We attended the Annual Investors Day of Persistent Systems at Pune campus. Following are the key takeaways:
Focus on cloud computing, collaborative, analytics & mobility
Persistent has created its niche in emerging technologies which places it in a strong position among the mid cap firms. The emerging technologies are expected to grow faster than usual service lines over the next few years.
"Sell with" strategy to expand client base
Persistent has partnered with large firms like IBM, CISCO and salesforce.com to offer services to larger corporations. This provides an entry point to bigger clients. The margin of partnership business is higher than the rest of the company.
IP led services on track
Investment in IP services are on track and revenues from this nonlinear business is expected to be on growth path. The margins on IP business are 10-20% higher than other businesses.
FY12 revenue guidance and PAT guidance lowered
Earlier revenue guidance for FY12 was USD220mn, which has been lowered to USD205-210mn due to uncertain environment. The company expects flattish revenue in Q3FY12. Growth in OPD is expected to slowdown due to delays in decision making. Earlier, PAT guidance was similar to FY11 that now has been revised downwards in the range of Rs1,250-1,350mn (FY11 PAT Rs1,397mn).
Higher hedges will restrict benefit from rupee depreciation
The company has hedges worth USD103.5mn including USD30.5mn at 47.7 for Q4FY12, USD23.75mn (@INR/USD 47.85), USD25.75mn (@INR/USD 48.06) and USD23.50mn (@INR/USD 51.78) for Q1, Q2 and Q3 respectively. Due to this the company won't gain much benefits of rupee depreciation in the near term.

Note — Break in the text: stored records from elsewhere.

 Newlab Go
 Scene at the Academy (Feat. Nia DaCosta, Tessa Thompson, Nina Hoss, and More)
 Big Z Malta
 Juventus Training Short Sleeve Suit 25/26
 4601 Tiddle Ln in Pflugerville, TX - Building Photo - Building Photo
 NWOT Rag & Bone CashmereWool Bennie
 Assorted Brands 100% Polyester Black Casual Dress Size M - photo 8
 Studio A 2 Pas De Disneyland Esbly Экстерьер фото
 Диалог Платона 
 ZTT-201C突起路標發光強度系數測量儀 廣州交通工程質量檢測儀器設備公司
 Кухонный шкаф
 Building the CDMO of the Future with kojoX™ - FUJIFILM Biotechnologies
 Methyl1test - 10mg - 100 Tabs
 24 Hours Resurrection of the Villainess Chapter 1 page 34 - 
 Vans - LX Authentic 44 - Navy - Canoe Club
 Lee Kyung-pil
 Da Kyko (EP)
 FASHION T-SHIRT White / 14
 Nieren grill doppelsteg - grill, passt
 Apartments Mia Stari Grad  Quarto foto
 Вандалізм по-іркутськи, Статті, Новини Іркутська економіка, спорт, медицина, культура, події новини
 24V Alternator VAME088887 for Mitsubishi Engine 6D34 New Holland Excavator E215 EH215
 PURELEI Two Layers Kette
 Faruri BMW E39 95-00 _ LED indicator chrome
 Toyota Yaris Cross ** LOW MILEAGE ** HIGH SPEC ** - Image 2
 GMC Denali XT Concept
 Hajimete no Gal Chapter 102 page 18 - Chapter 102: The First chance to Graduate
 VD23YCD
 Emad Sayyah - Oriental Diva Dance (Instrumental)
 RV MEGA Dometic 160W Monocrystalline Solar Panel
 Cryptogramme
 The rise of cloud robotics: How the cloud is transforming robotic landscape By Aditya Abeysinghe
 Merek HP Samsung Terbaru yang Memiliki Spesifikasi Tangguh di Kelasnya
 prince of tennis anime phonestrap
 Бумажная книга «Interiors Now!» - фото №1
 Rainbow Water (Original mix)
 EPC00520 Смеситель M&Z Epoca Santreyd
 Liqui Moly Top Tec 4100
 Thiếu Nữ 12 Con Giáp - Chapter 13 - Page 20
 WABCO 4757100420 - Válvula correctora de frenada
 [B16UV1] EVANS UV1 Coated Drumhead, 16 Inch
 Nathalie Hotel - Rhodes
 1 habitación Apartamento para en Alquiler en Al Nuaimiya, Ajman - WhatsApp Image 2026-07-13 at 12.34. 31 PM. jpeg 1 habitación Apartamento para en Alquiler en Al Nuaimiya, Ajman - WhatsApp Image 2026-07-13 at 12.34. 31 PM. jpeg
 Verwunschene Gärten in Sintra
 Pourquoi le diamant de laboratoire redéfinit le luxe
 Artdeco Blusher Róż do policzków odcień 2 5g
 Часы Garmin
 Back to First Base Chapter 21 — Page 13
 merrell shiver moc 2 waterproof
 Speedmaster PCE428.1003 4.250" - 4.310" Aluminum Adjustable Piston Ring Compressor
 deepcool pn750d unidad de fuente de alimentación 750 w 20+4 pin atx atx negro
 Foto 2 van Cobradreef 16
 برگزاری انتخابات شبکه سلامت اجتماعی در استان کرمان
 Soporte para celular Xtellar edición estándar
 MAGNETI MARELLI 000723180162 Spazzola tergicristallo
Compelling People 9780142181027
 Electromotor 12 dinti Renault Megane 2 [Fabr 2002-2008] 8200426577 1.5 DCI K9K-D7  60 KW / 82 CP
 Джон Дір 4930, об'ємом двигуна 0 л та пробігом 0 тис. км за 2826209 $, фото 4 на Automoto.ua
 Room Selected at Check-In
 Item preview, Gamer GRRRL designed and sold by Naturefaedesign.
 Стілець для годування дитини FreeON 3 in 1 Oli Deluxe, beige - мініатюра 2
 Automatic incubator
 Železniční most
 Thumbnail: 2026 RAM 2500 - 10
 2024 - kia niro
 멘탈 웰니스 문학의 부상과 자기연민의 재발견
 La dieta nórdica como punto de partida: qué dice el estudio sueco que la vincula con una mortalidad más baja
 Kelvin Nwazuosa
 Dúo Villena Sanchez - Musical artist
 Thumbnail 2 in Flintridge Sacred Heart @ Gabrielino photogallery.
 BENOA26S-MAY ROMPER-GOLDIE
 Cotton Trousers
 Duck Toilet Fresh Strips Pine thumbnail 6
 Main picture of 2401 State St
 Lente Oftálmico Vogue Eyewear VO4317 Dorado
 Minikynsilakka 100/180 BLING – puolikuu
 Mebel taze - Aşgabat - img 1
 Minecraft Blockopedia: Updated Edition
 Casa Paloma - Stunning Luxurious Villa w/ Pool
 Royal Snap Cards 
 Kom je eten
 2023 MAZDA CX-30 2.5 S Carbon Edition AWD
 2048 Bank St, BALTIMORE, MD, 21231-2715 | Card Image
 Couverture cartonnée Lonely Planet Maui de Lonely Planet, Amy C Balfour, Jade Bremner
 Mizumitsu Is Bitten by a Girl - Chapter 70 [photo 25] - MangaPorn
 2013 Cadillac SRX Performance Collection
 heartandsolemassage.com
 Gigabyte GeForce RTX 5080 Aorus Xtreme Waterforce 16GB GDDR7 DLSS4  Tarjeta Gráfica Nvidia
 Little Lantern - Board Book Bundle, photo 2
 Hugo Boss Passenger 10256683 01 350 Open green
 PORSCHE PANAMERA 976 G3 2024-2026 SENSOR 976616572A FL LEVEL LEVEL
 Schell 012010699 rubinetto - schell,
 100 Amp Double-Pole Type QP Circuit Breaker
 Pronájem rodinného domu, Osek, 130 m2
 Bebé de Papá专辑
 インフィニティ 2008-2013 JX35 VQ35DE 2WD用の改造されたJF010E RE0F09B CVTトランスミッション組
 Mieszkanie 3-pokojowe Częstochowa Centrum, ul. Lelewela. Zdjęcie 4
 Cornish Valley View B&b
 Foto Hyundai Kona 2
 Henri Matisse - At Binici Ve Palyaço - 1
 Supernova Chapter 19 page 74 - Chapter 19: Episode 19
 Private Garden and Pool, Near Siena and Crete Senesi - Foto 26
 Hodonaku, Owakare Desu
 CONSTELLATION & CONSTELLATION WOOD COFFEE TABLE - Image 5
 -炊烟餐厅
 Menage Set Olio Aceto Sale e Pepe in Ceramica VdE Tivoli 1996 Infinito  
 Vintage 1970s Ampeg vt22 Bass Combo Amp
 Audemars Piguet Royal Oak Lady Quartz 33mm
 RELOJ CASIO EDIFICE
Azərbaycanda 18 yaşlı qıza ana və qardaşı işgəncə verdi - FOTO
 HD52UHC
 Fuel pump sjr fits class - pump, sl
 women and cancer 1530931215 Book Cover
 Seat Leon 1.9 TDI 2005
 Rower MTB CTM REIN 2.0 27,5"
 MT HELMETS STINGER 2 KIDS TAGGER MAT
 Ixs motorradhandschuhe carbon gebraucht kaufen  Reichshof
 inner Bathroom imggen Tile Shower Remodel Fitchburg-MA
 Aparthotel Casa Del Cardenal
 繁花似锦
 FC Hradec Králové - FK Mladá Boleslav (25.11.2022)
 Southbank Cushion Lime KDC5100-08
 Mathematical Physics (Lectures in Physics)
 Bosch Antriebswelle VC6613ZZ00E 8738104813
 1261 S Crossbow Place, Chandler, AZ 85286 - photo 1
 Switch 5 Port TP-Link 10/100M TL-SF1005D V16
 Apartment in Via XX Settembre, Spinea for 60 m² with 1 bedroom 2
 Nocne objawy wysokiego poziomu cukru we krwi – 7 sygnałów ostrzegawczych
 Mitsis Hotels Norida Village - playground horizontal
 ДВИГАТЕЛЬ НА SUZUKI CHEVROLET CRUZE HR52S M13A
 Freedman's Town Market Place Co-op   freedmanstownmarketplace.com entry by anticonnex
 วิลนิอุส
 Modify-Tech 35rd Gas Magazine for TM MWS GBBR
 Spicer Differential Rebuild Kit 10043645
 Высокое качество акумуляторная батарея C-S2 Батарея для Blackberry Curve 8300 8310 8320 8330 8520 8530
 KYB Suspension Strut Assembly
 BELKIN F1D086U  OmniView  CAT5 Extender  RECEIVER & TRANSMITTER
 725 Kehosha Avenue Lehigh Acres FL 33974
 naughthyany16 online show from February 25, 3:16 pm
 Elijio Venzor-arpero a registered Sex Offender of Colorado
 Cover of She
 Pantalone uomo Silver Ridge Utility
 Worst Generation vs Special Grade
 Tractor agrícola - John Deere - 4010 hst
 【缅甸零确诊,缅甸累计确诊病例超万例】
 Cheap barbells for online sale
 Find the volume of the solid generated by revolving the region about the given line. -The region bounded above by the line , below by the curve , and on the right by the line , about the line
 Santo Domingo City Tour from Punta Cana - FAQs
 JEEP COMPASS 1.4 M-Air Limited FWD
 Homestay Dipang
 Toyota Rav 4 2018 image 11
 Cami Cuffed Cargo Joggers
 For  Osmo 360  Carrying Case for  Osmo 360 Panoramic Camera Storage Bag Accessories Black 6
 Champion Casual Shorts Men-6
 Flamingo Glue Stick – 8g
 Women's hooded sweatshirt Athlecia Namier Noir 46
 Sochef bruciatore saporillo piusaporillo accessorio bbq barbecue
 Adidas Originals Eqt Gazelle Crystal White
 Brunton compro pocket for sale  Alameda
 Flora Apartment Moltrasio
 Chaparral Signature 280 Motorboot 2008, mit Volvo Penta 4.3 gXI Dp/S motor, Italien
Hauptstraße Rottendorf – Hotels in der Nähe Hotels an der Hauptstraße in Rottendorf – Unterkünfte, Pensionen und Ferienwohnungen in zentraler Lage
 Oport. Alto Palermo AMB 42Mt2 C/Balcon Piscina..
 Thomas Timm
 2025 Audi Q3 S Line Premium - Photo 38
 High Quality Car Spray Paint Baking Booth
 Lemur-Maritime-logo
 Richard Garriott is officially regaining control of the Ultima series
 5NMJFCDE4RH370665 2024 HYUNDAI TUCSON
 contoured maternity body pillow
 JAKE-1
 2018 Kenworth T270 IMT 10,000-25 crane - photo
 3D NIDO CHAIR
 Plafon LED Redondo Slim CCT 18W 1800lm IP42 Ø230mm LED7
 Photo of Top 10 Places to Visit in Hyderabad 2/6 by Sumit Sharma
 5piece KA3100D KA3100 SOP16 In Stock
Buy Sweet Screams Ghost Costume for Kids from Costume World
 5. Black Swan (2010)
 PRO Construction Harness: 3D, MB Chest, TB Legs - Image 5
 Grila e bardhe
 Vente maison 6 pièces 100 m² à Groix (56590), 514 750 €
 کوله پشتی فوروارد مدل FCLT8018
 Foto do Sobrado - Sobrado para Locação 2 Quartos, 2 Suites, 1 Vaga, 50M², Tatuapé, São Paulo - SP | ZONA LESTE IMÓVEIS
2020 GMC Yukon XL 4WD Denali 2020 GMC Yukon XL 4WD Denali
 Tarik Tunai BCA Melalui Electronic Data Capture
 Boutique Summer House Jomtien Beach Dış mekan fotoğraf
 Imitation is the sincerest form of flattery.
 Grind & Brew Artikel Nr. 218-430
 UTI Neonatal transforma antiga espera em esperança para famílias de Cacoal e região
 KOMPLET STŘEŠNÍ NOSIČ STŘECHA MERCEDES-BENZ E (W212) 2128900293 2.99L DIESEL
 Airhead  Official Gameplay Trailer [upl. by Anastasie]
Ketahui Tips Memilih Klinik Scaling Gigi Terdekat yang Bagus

Outlook & Recommendation – Persistent has revised downwards its revenue & PAT guidance for FY12 but a significant portion of this is already factored in the estimates due to expectation of slowdown in decision making related to discretionary IT spending. We revise EPS estimates downward by 2% and 9% for FY12 and FY13 respectively. However, the company will continue to attract premium compared to its peers due to niche service offerings & marquee clientele. We downgrade our rating to "Accumulate" with a revised target price of Rs349 based on 11x FY13E EPS.